F-15EX初号機(エグリン米空軍基地提供)

 制空戦闘機F-15「イーグル」、多用途の戦闘爆撃機F-15E「ストライクイーグル」を経て、さらなるマルチロール化やネットワーク機能の強化が施されたF-15EXは、米空軍の次世代戦術構想への適応が重視されている。

—記事の概要—
無人機との連携も実証段階へ
F-15J更新版と同じ新装備
制空戦闘機からマルチロール機に

無人機との連携も実証段階へ

 F-15EXは、将来的な拡張にも対応できるよう設計。
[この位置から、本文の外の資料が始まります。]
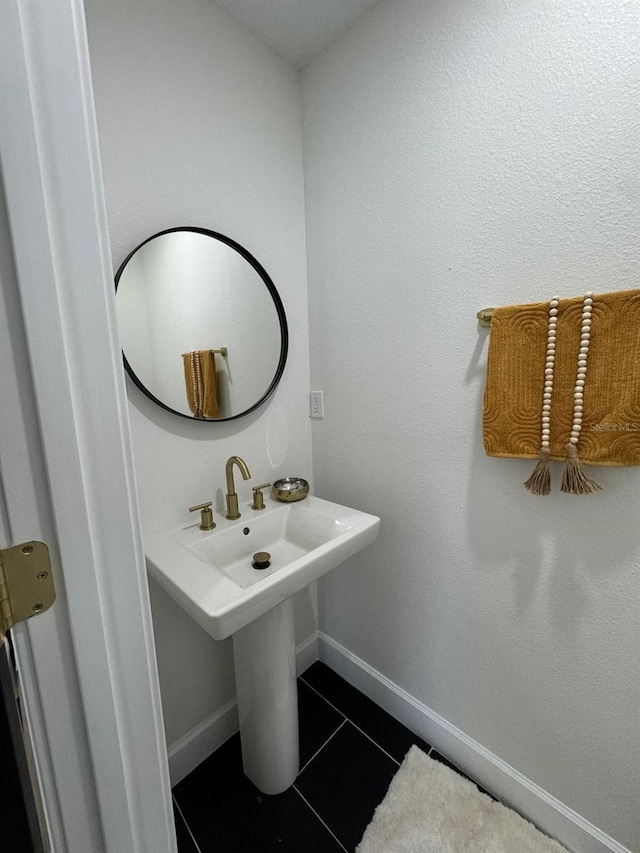 bathroom with tile patterned floors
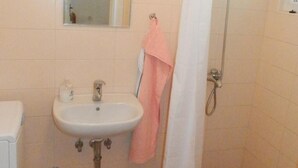 Un baño con lavamanos, espejo, ducha y una toalla rosa colgada en la pared.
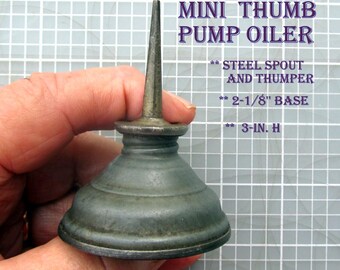 Mini Thumb Pump Oiler  Unbranded  3-in. H  2-1/8''Base  Conical Metal Body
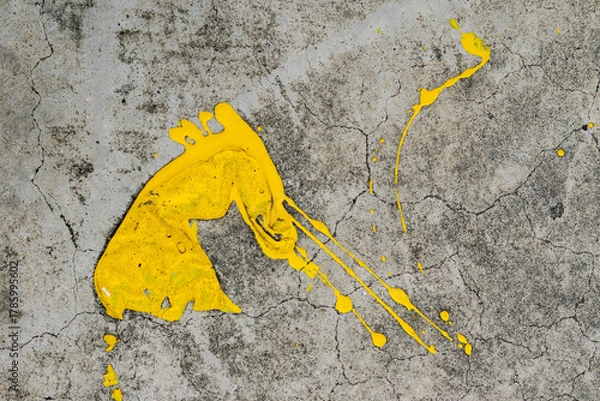 Fototapeta A dynamic splatter of bright yellow paint contrasts sharply against a cracked and textured grey concrete surface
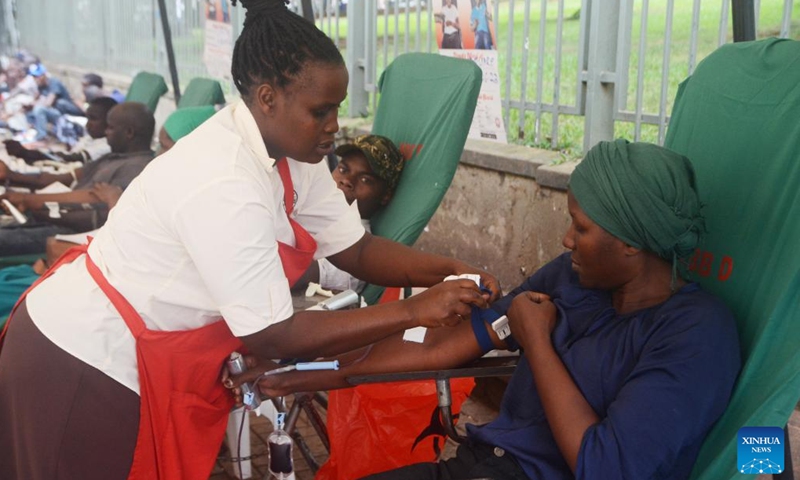 A health officer takes blood from a volunteer on the occasion of World Blood Donor Day in Kampala, Uganda, on June 14, 2023.(Photo: Xinhua)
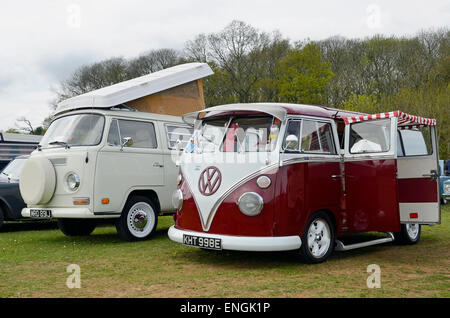 Volkswagen Wohnmobile aus zwei verschiedenen Epochen - eine geteilte Windschutzscheibe aus den 1950er Jahren und ein Erker aus den späten 1960er Jahren. Stockfoto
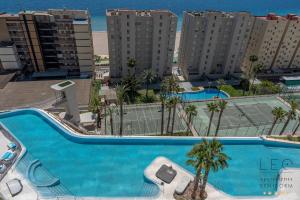 a large swimming pool with palm trees and buildings at Sunset Cliffs Apartment by Leo Apartments Benidorm in Benidorm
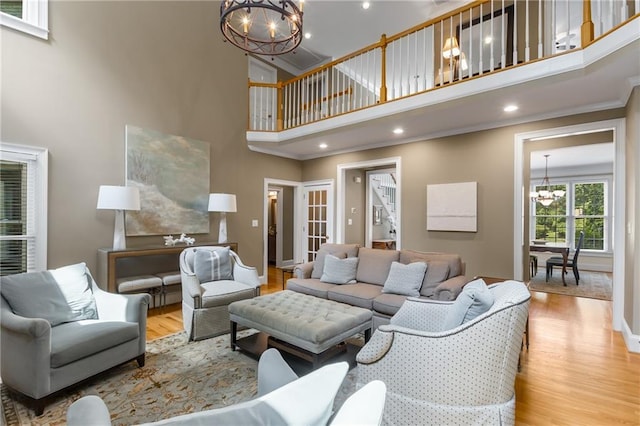 290 Edwardton Ct, Roswell, GA 30076 - living area with a chandelier, a high ceiling, wood finished floors, ornamental molding, and recessed lighting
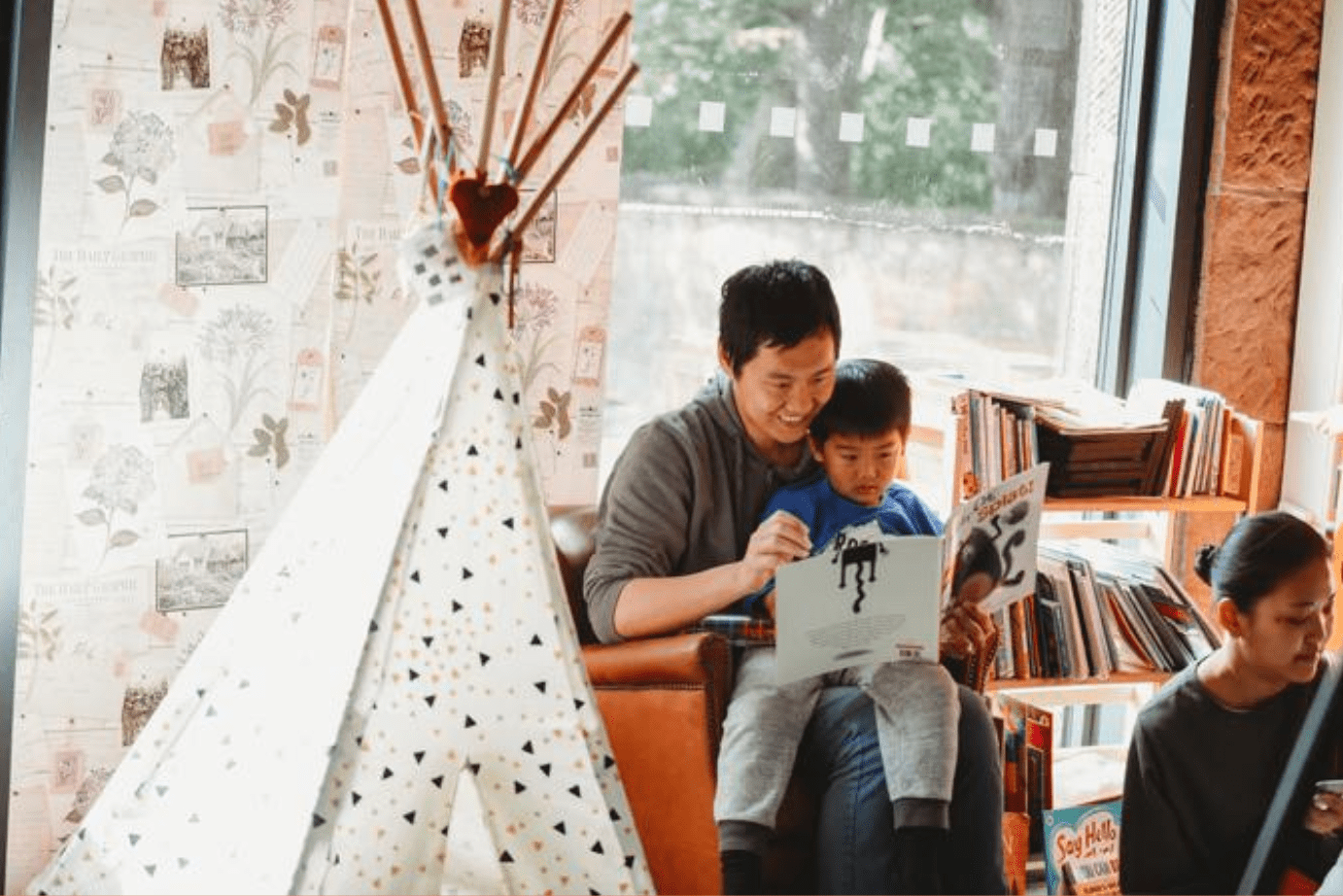 little boy sat on the lap of his carer smiling and reading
第4世代機の外観を保ちながらも、次世代ミッションシステムの統合が可能で、柔軟なペイロード構成を通じ、今後数十年にわたる運用が想定されている。

大型ディスプレイを採用したAdvanced F-15と呼ばれていたころのシミュレーター(ボーイング提供)

 特に注目されているのが、ボーイングが開発を進めるCCA(協調型戦闘機)との連携だ。今年5月に日本で開催された防衛見本市「DSEI Japan」では、F-15EXの生産・納入状況や搭載システム、将来の運用拡張性などとともに、CCAとの連携構想が紹介された。

 F-15EXは乗員が2人の複座型であることを活用し、ネットワークや指揮統制用途に特化したペイロードの搭載が可能。有人機から無人機への指令送信実証も完了している。単座型はラインナップしてないが、パイロット1人でも運用できる。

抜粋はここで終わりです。